Putin, like Hitler, wants his little wars of conquest with zero Western resistance.  And again, like Hitler, he doesn't want a large war beyond that.  If this ends in World War III, I'm sure that is a situation in which he'd prefer not to be.  Yet, his goals are not really negotiable given his almost religious devotion to the concept of a new Russian Empire.  This has to be the case at this point, otherwise, given the response of the Western world, there would be a moment of clarity on his part, and that moment of clarity just isn't there.

This follows Hitler's own patterns so well.  Hitler, for his part, could not believe that countries like England and France were going to see their promises of defending their allies through.  He had fully expected them to stay out of it, or even give him the green light, as they had with his conquest of Czechoslovakia.  He attributed the sudden renewed Western vigor of resistance to "warmongers" like Winston Churchill.  But while it was not in his plan nor was it ever a desire of his to fight a World War, his goals were uncompromising.  Hitler was willing to gamble with stakes as high as World War.  I think Putin was and is willing to gamble World War, just as Hitler was.

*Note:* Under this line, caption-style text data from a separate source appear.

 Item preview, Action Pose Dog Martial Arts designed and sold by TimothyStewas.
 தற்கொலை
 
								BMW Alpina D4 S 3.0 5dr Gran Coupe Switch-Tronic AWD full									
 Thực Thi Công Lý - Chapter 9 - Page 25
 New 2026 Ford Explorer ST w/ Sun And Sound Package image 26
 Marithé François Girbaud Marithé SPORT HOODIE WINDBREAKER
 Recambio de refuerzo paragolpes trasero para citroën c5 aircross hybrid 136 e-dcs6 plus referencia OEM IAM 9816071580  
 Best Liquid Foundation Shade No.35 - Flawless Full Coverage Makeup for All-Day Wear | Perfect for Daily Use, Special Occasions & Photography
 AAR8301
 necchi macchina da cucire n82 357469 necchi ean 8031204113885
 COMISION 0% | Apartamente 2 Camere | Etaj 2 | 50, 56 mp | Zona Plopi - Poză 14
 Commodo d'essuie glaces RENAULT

So Putin's absence of an epiphany is at least understood by his desire for a Russian Empire.  But for many of Putin's supporters and apologists in America and Europe, speaking as they are from a bubble of privilege and an atmosphere of only knowing peace at home, there is not yet a massive moment of clarity.  I say this knowing that a few have experienced it, and for many more there will be such a realization, just as there was for those folks in the past when they finally saw what a threat Hitler and Stalin were as they arrived at their own intellectual or even literal doorsteps.  But the reality is that a lot of these people won’t have that epiphany, even in this worst case scenario.

That's the danger of cultic thinking, of joining a cult around a personality.  Those of us who know YHWH should know how to avoid joining a cult of personality, and should keep our prayers ascending for the violated people of Ukraine, who are now pitted in a life or death struggle to avoid being forced to join the Cult of Putin.  Likewise, we should be praying for Russians and subjects of governments run by Putin's puppets.  They need freedom from this Cult.  They don't have the privilege of rescinding their membership.